→ **Problem to solve**
Could you restate the entries below word for word and leave the images out?

Caption-style text data
▶

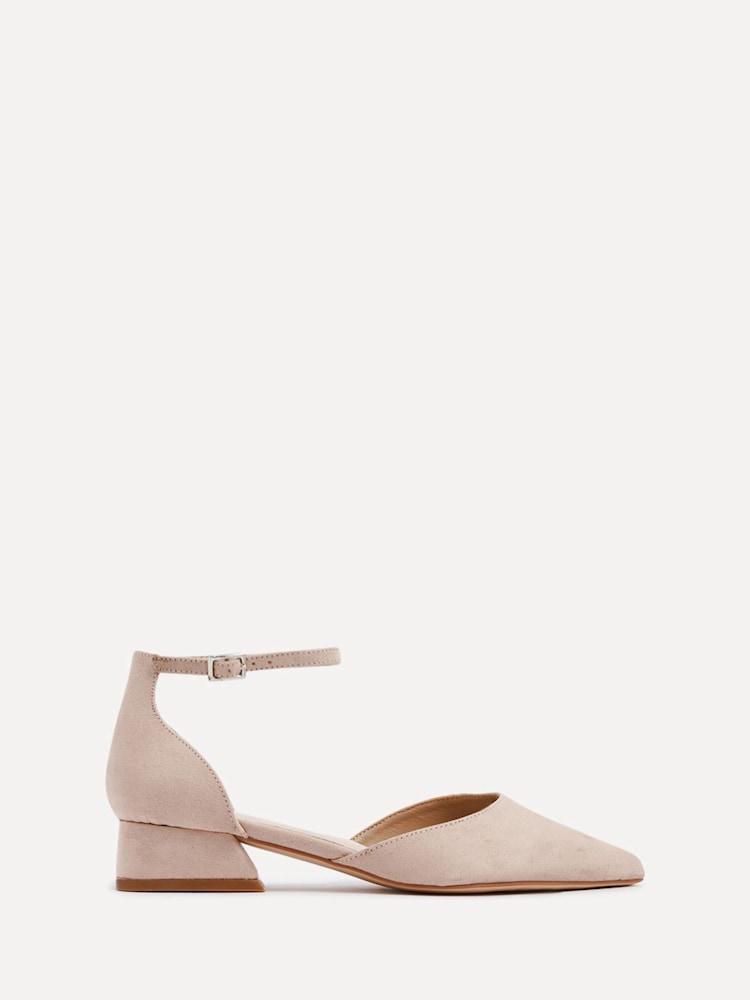 Linzi Nude Wide Fit Dolly Low Block Court Heels - Image 2 of 5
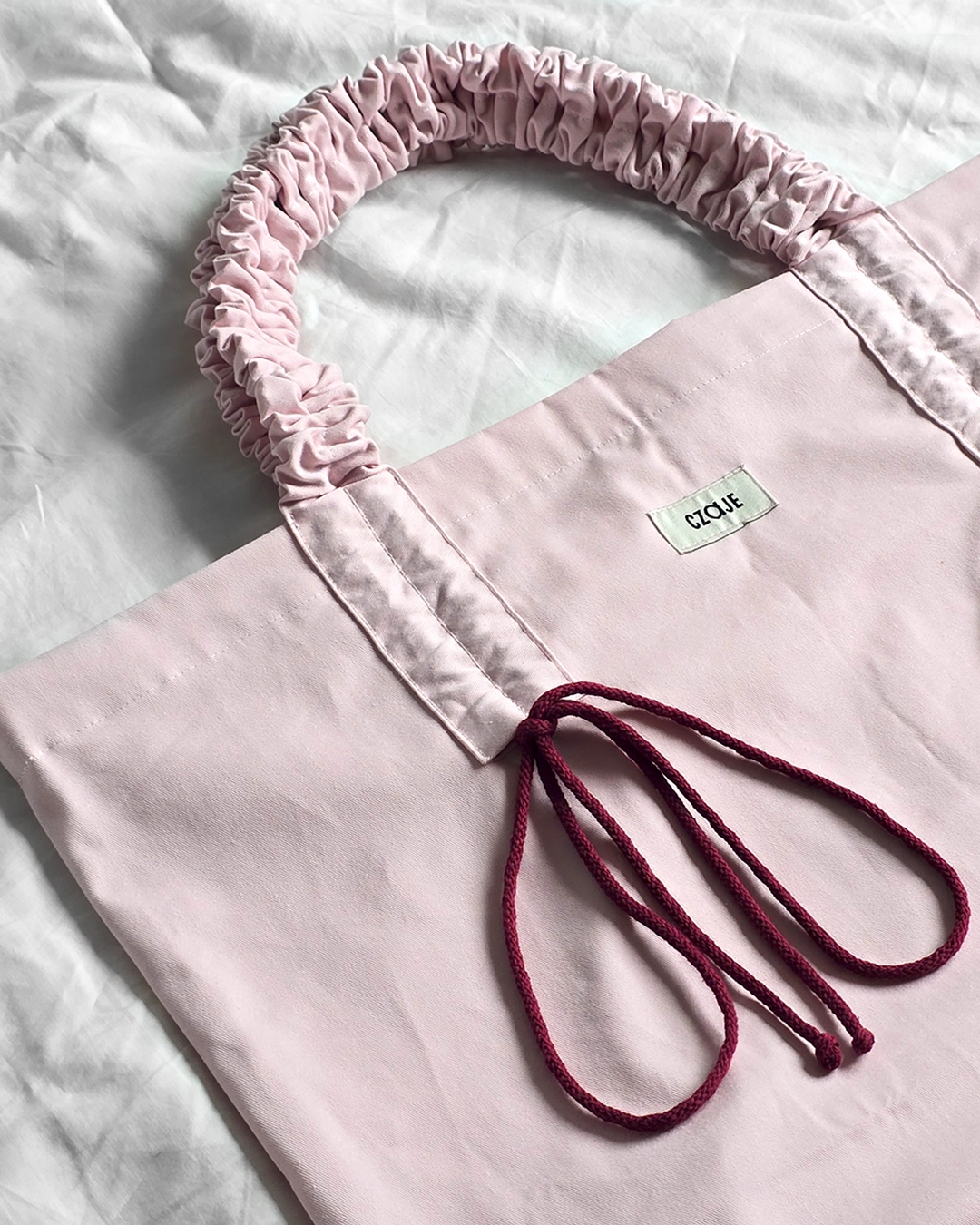 Bawełniana shopperka Shopperka Różowa Bordo różowa z bordowym sznurkiem handmade regulowany pasek - Czaje Polska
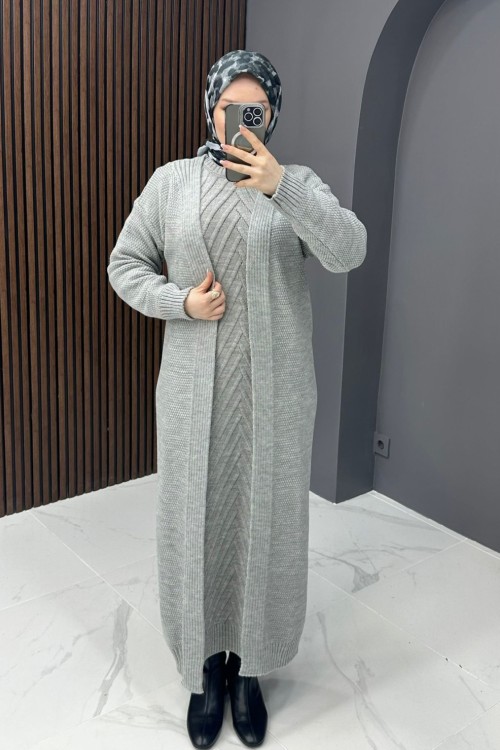 Triko Elbise Hırka Takım - Gri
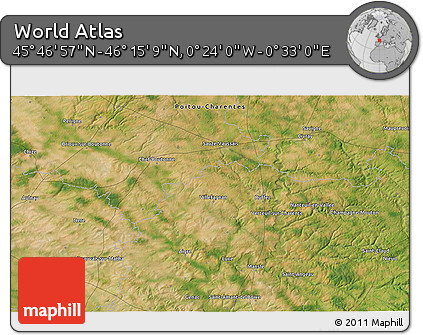 Satellite 3D Map of the Area around 46° 1' 3" N, 0° 4' 30" E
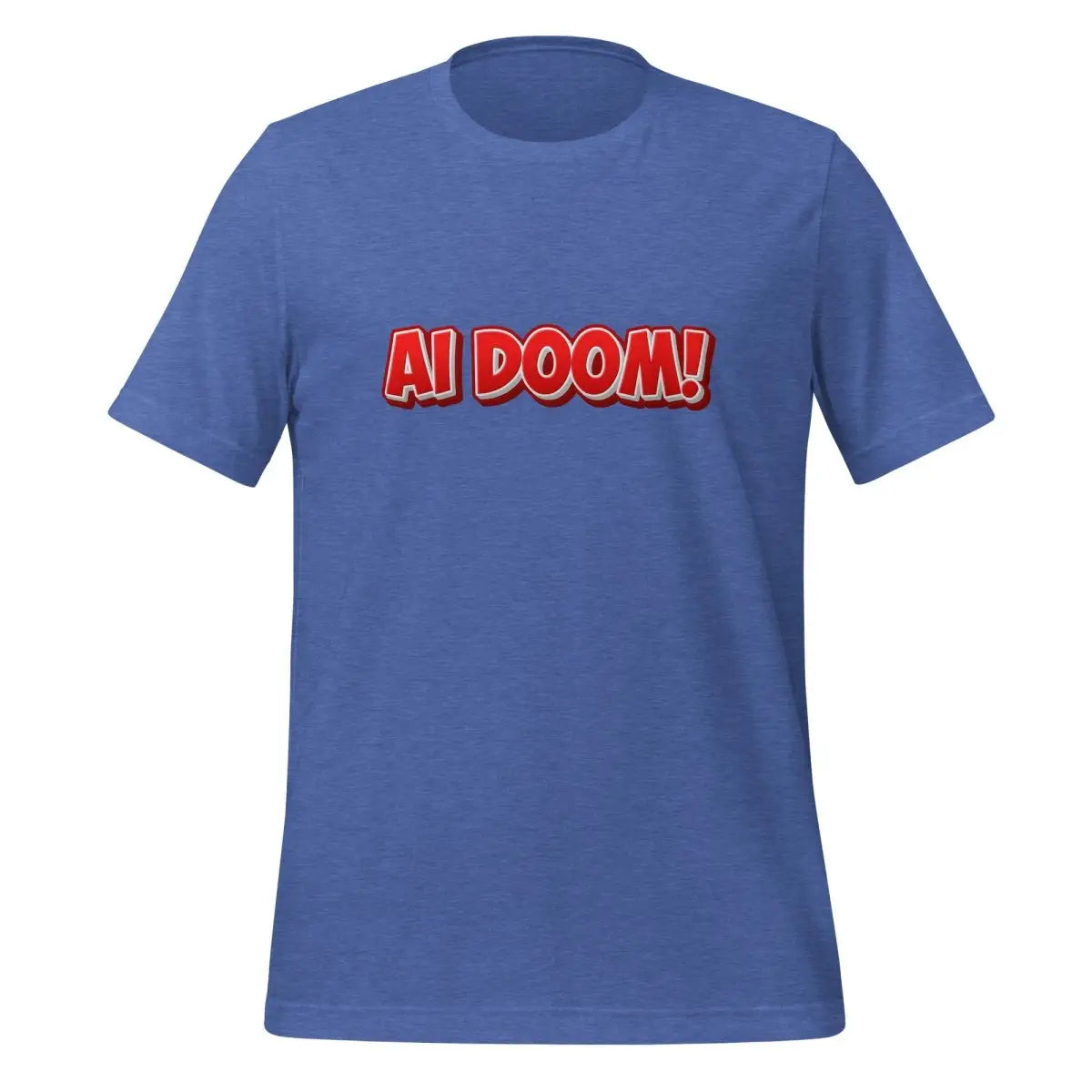 Red Comic AI DOOM! T-Shirt (unisex) - Heather True Royal / M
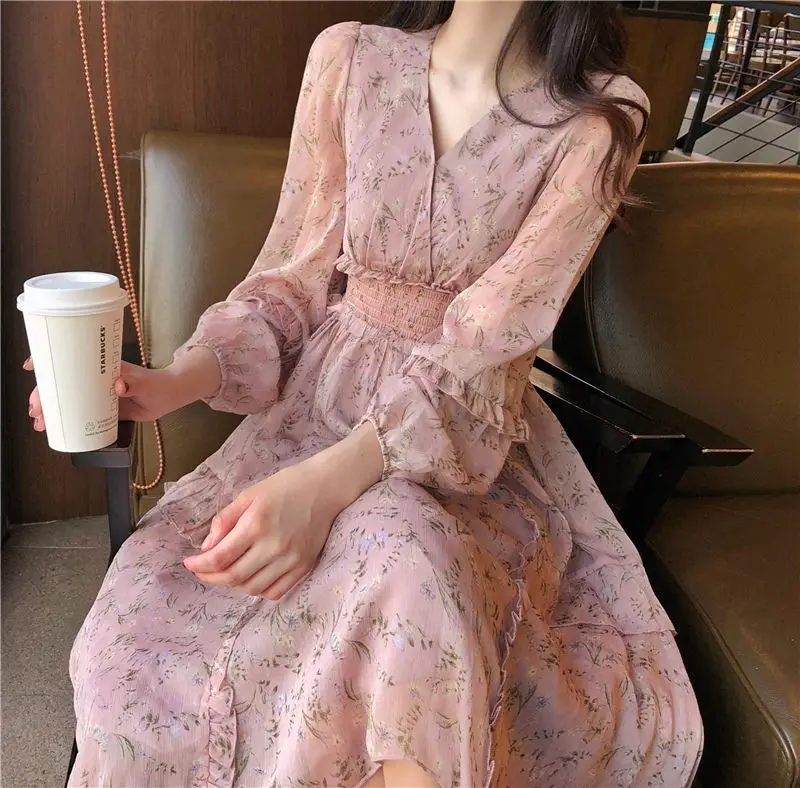 프렌치 레트로 미디 길이 매우 우아한 프렌치 플라티코돈 스커트 작은 꽃무늬 쉬폰 드레스 여름 스타일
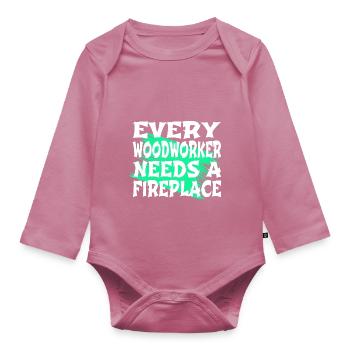 wood woodworking lumberjack present idea - Baby Bio-Langarm-Body - Mauve - Vorne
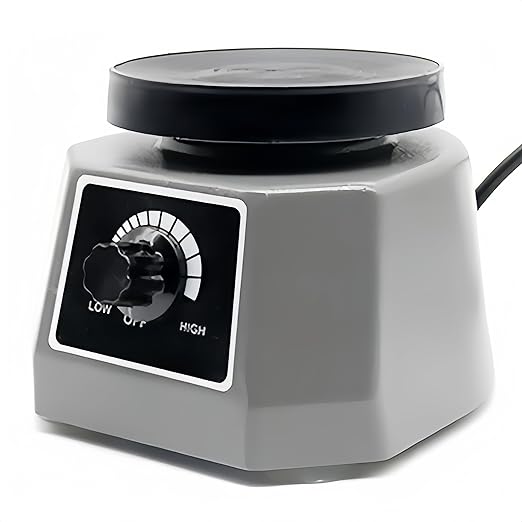 Lab Vibrator, 4" Small Round Vibrating Plate, 100W Plaster Oscillator Paint Shaker, Adjustable Speed Gypsum Mixing Machine, for Remove Resin Bubbles Mixing Plaster Gypsum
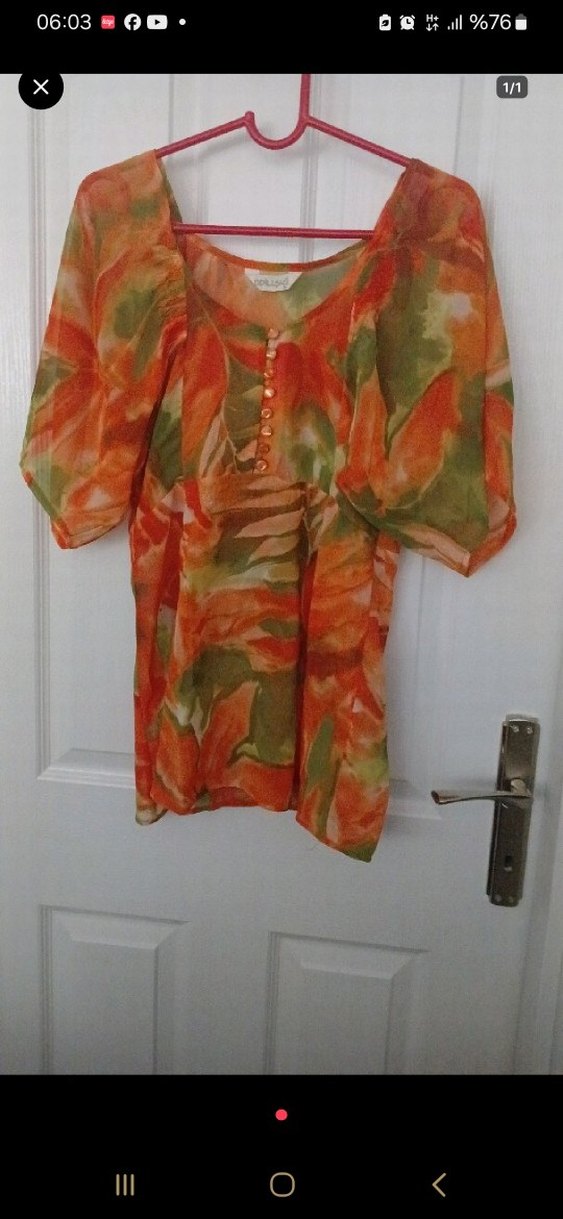 Turuncu Bağlama Desenli Düğmeli Kadın Bluz - Görsel 2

◀

→ **Answer box**
 Linzi Nude Wide Fit Dolly Low Block Court Heels - Image 2 of 5
 Bawełniana shopperka Shopperka Różowa Bordo różowa z bordowym sznurkiem handmade regulowany pasek - Czaje Polska
 Triko Elbise Hırka Takım - Gri
 Satellite 3D Map of the Area around 46° 1' 3" N, 0° 4' 30" E
 Red Comic AI DOOM! T-Shirt (unisex) - Heather True Royal / M
 프렌치 레트로 미디 길이 매우 우아한 프렌치 플라티코돈 스커트 작은 꽃무늬 쉬폰 드레스 여름 스타일
 wood woodworking lumberjack present idea - Baby Bio-Langarm-Body - Mauve - Vorne
 Lab Vibrator, 4" Small Round Vibrating Plate, 100W Plaster Oscillator Paint Shaker, Adjustable Speed Gypsum Mixing Machine, for Remove Resin Bubbles Mixing Plaster Gypsum
 Turuncu Bağlama Desenli Düğmeli Kadın Bluz - Görsel 2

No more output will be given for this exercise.